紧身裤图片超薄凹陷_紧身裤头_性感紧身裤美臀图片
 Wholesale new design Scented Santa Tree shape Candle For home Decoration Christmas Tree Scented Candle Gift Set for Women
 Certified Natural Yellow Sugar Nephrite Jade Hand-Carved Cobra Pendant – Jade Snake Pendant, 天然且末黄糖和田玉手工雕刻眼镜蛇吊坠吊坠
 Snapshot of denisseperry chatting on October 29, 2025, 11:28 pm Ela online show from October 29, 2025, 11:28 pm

_Work instruction_
Print out the entire listing. Keep every line exact.

_Solution to this task_
紧身裤图片超薄凹陷_紧身裤头_性感紧身裤美臀图片
 Wholesale new design Scented Santa Tree shape Candle For home Decoration Christmas Tree Scented Candle Gift Set for Women
 Certified Natural Yellow Sugar Nephrite Jade Hand-Carved Cobra Pendant – Jade Snake Pendant, 天然且末黄糖和田玉手工雕刻眼镜蛇吊坠吊坠
 Snapshot of denisseperry chatting on October 29, 2025, 11:28 pm Ela online show from October 29, 2025, 11:28 pm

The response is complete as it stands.